What does the Smith journey entail? Involvement with colleagues, professors, professionals, clubs and organizations here at the Smith School, across campus and in the outside “real” world of business. Here is what students are challenged to do in each of their four years at Smith:
Freshmen: “Build Your Brand” through the SmithStart program.
Sophomores: “Pioneer Your Path” to success by focusing on an overall academic and career strategy.
Juniors: “Command Your Career” to ensure that you are well positioned for your professional journey.
Seniors: “Embrace Your Experience” with an arsenal of tools, knowledge, and networks, so that you are able to embrace your experience and celebrate your success.
Dean Mullins: Tell us about your involvement with the Innovo Scholars Consulting Program. How did you get started with it and what did you learn?
Rohan: I first learned of the Innovo Scholars Consulting program in BMGT 190H. The TA at the time was a recent scholar and was implementing his recommendations the semester I was in the course. After learning more about the program, I applied and was accepted.

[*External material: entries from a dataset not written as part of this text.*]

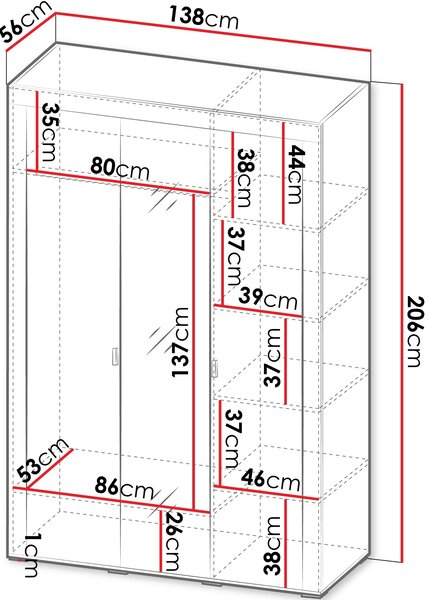 Ντουλάπα Mossa Τρίφυλλη-Leuko - 138.00Χ56.00Χ206.00cm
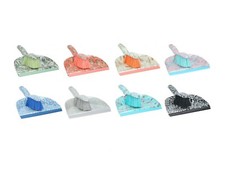 Dustpan And Brush Set Home Cleaning Supplies Rubber Scoop Light Weight Printed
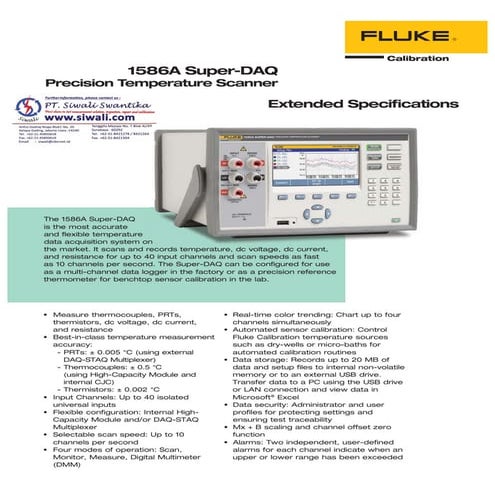 Datasheet Fluke 1586A Super-DAQ Extended Specification. Hubungi PT. Siwali Sw...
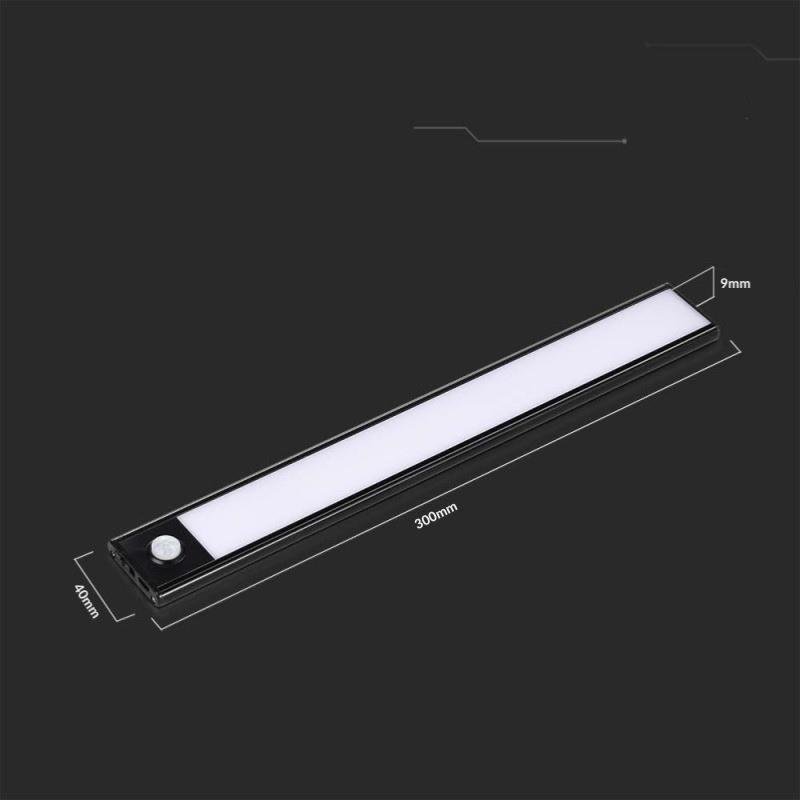 Réglette LED Rechargeable USB 30cm 1,5W Noire avec Détecteur de mouvement - Silumen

My project aimed to analyze the current state of Excel education at Smith and recommend solutions to the gaps I identified. At the conclusion of my project, I presented my findings to the Undergraduate Oversight Committee and they have since started to implement some of my recommendations.

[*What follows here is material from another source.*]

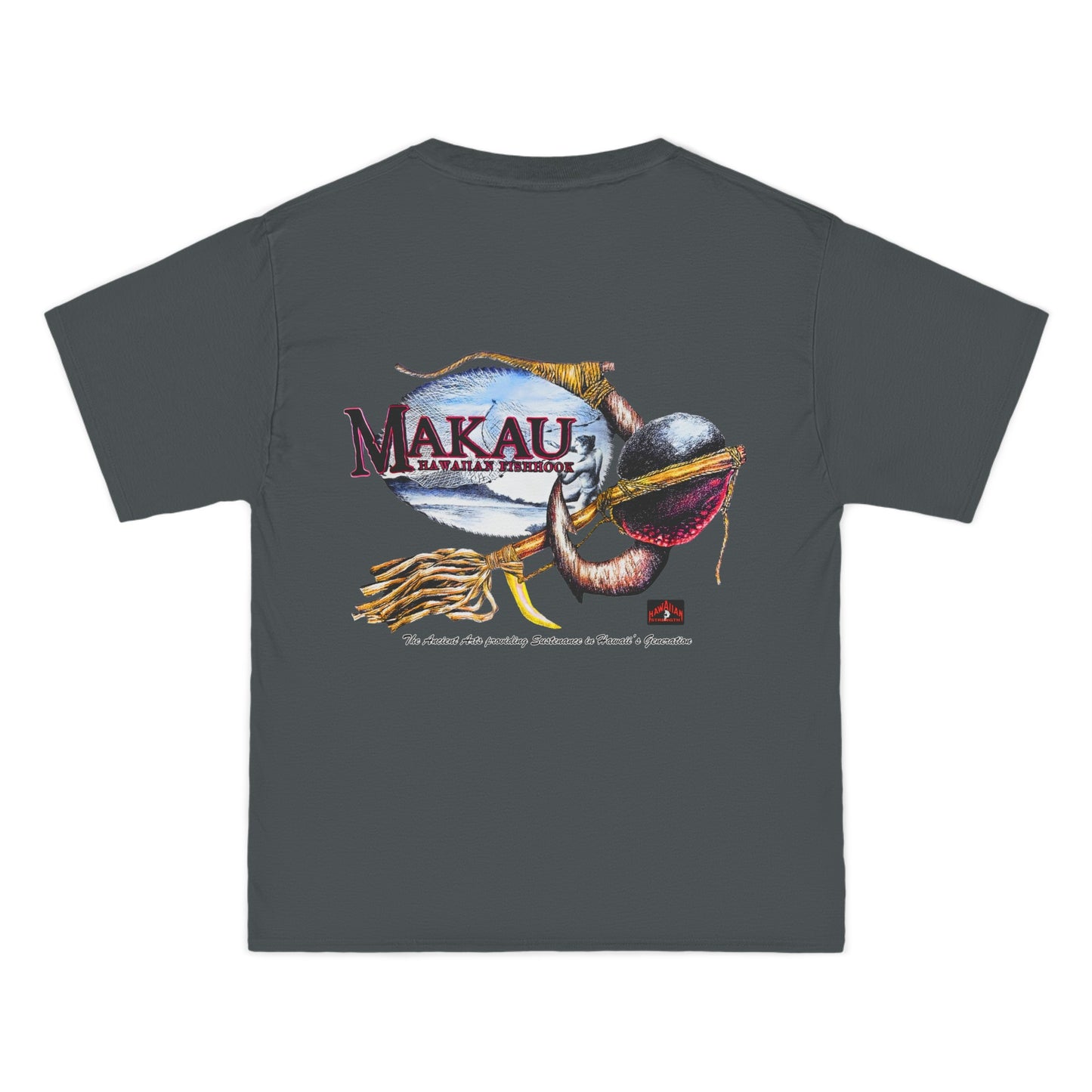 Hawaiian Strength Makau Hawaiian Fishhook Vintage Design 90s New Print Beefy-T®  Short-Sleeve T-Shirt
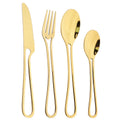 Gold Cutlery Set Stainless Steel Dinnerware Ljojo Tableware Party Kitchen Flatware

Dean Mullins: Tell us how your participation in the Innovo Scholars Consulting Program helped you navigate the Smith journey.
Rohan: My time as an Innovo Scholar guided me from being a student to being a student professional. The program exposed me to an entirely new way of thinking and addressing problems. I feel better able to think critically about complex business problems, interface with clients and make holistic decisions. I have little doubt that the tools, knowledge and experience I gained from this comprehensive program will serve me well as I start my career.

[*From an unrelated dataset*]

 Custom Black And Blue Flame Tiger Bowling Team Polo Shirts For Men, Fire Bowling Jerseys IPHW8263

Dean Mullins: Reflect on your other involvements and activities here at Smith that have been a part of the Smith journey.
Rohan: During my time at UMD, I was involved primarily with three organizations: Innovo Scholars, QUEST and the Science, Technology and Society Scholars Program. Coming into the University, my focus was on studying both finance and computer science, which both require a lot of problem solving. I greatly value the problem solving skills I’ve gained through my engagement in these organizations. The QUEST program especially does a great job challenging students with diverse backgrounds to work in teams to address and solve real-world problems. During the fall semester, I worked with a team of engineering, business and computer science students to explore alternative login technologies for Caterpillar Inc.
Dean Mullins: What advice would you give to your fellow Smith peers and community?
Rohan: My academic advisor Brian Horick gave me the book Essentialism: The Disciplined Pursuit of Less by Greg McKeown. The key takeaway is simple: you don’t need to say ‘yes’ to everything. Instead, focus on committing to less and seek greater connection to what you truly value. Especially with my education, I found myself over-committing to fill out my resume with experiences rather than pausing to discern what really matters: the disciplined pursuit of less. So my advice is simple, do less better.
Dean Mullins: What is your dream?
Rohan: Start a company or join a cutting-edge industry. I want to eventually build up my proven skills and network with as many people as possible to prepare myself to take a big risk, with an even bigger payoff. Many people follow a cookie-cutter career path, but that trajectory is not for me. Aside from my professional career, my dream is to live life like Anthony Bourdain, travelling the world, exploring new perspectives and sharing my learnings with an open mind with the as many people as possible.
Dean Mullins: Why are you passionate about the Smith School?
Rohan: I am passionate about the Smith School because the Smith community is passionate about the Smith School. Students and faculty alike want to work together to help each other. There is a genuine pursuit of advancement. My classmates are walking out of their four years at Smith equipped with the mindset to tackle any challenge they may encounter. I have already seen major changes in Smith since my freshman year, and I am excited to see what Smith will be like when I come back to visit as an alumnus.